The required output is the exact run of lines below that opens at the line with "Jerome Dreyfuss Raffia Tote Bag Leon" and closes at the line with "lot pop: men".

---- Listed entries

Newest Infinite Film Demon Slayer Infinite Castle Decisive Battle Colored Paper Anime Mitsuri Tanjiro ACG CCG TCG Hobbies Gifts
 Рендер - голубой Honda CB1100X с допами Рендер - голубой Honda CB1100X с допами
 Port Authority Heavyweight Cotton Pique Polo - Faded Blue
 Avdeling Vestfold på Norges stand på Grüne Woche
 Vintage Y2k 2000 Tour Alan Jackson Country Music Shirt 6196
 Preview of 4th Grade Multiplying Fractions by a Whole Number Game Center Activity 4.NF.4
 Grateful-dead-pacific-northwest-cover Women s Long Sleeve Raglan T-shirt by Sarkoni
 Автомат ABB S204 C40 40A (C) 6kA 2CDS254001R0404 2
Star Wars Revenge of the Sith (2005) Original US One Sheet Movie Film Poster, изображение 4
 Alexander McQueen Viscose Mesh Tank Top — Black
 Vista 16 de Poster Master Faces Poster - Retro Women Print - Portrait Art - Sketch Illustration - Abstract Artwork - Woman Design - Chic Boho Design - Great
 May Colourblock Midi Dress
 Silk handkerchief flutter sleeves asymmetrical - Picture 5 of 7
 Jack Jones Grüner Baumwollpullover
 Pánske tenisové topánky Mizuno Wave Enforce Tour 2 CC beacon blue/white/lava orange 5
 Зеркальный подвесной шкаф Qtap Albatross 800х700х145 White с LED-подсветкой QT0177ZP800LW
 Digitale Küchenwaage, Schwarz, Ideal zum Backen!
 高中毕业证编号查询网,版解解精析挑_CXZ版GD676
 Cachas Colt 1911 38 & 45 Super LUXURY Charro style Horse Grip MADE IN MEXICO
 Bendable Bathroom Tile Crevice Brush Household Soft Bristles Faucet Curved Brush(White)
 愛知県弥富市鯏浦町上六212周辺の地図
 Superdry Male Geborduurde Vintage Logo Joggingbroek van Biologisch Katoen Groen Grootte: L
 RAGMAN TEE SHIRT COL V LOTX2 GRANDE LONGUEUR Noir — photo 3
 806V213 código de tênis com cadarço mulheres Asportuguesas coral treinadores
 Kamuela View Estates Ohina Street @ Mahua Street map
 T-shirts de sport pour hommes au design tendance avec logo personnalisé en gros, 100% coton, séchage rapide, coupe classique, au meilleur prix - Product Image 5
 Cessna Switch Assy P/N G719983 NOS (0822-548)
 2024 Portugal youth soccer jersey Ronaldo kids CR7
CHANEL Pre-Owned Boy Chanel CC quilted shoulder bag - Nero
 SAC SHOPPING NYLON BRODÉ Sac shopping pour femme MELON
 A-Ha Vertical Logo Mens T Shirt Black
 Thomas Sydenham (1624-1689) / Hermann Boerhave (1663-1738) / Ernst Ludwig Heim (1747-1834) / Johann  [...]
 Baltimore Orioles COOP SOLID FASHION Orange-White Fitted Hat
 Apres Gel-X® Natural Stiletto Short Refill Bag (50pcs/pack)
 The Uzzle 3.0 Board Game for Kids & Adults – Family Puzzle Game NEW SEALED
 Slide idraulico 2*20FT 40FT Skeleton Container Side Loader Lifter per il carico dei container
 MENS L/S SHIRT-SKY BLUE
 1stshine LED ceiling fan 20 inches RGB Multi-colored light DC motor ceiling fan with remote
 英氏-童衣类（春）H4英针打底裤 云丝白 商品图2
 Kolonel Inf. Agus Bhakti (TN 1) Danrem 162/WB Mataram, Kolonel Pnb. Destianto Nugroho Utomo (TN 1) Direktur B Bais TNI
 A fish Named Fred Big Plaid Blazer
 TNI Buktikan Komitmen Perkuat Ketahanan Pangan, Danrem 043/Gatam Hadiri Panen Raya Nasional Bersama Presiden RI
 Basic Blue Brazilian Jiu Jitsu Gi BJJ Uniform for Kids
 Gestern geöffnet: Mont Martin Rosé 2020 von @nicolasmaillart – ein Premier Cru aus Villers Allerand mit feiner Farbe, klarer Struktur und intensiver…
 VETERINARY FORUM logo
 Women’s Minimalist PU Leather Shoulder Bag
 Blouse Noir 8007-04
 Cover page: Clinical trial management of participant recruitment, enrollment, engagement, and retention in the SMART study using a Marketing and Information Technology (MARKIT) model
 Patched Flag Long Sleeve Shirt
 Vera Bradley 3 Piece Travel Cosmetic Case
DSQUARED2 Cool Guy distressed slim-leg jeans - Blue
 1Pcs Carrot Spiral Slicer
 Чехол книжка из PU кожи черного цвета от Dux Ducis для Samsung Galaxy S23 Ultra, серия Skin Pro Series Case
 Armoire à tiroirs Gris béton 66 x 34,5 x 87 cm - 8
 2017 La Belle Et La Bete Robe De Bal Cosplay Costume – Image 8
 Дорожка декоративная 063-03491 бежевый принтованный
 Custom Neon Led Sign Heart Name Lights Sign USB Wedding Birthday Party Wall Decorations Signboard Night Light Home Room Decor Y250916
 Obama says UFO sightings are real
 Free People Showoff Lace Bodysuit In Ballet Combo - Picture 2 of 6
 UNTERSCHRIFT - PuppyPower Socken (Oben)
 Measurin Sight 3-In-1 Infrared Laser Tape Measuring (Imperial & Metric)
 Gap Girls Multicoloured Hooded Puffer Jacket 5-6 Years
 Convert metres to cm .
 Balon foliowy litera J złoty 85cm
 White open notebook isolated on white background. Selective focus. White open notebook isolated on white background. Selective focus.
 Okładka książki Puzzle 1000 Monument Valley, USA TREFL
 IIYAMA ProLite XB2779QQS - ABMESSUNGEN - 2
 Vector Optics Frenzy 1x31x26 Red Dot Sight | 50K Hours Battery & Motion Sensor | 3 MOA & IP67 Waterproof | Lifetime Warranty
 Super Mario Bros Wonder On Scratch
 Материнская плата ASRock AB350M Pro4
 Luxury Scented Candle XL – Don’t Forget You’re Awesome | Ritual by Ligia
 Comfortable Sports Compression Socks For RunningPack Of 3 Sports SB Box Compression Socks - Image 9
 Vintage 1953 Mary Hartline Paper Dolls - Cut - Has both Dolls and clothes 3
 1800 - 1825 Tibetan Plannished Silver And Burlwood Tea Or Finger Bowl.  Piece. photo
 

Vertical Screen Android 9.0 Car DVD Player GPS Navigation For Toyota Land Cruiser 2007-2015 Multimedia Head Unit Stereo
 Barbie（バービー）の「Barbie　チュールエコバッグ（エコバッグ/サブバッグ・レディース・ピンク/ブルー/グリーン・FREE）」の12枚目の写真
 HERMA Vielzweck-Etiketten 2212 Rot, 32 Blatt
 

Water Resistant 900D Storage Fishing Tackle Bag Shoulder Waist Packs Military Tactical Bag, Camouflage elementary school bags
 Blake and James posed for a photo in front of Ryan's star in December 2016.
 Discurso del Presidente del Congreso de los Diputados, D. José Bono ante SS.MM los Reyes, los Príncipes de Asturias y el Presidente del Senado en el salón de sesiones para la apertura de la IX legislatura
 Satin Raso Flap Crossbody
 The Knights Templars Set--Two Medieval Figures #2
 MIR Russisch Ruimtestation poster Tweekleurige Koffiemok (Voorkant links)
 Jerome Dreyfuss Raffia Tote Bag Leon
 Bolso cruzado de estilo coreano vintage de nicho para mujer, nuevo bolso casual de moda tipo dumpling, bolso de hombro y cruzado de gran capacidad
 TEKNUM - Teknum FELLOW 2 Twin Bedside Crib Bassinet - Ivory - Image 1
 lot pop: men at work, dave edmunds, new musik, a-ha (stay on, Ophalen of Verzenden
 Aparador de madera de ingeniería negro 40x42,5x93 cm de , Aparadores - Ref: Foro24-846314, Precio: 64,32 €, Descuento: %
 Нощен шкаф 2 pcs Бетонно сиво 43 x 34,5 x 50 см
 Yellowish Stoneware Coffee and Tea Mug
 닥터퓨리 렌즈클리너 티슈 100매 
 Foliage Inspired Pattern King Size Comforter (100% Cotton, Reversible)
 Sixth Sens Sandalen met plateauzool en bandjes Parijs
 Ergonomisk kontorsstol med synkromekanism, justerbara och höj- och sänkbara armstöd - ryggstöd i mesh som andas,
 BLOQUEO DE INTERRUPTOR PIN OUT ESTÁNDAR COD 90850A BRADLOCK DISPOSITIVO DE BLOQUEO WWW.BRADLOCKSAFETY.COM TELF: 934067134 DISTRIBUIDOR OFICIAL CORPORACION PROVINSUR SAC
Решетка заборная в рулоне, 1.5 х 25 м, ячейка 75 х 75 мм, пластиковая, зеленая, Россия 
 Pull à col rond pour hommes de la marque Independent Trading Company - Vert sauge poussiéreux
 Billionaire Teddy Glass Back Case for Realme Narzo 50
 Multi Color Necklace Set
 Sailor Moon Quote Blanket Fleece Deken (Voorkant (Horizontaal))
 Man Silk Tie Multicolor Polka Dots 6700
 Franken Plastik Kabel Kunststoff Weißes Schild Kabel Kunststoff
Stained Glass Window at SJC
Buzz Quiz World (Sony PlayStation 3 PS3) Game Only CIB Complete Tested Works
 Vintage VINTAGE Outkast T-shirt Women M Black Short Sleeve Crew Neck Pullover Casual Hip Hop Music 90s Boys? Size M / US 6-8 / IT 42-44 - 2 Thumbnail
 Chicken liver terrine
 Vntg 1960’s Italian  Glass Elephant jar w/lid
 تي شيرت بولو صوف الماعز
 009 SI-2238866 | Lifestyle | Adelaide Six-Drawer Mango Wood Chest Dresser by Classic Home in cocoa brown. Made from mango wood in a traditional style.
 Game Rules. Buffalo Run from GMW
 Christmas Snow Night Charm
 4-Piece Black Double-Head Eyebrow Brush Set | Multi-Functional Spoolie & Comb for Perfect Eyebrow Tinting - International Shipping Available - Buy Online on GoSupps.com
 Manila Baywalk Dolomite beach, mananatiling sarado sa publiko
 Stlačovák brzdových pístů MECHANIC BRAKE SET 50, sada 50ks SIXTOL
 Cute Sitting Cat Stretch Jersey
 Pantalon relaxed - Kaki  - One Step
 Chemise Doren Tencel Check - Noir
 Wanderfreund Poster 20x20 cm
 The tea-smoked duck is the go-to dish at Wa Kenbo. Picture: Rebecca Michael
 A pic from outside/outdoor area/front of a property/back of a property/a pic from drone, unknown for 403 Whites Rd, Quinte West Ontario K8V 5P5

--------

**Response to the exercise**
 Jerome Dreyfuss Raffia Tote Bag Leon
 Bolso cruzado de estilo coreano vintage de nicho para mujer, nuevo bolso casual de moda tipo dumpling, bolso de hombro y cruzado de gran capacidad
 TEKNUM - Teknum FELLOW 2 Twin Bedside Crib Bassinet - Ivory - Image 1
 lot pop: men at work, dave edmunds, new musik, a-ha (stay on, Ophalen of Verzenden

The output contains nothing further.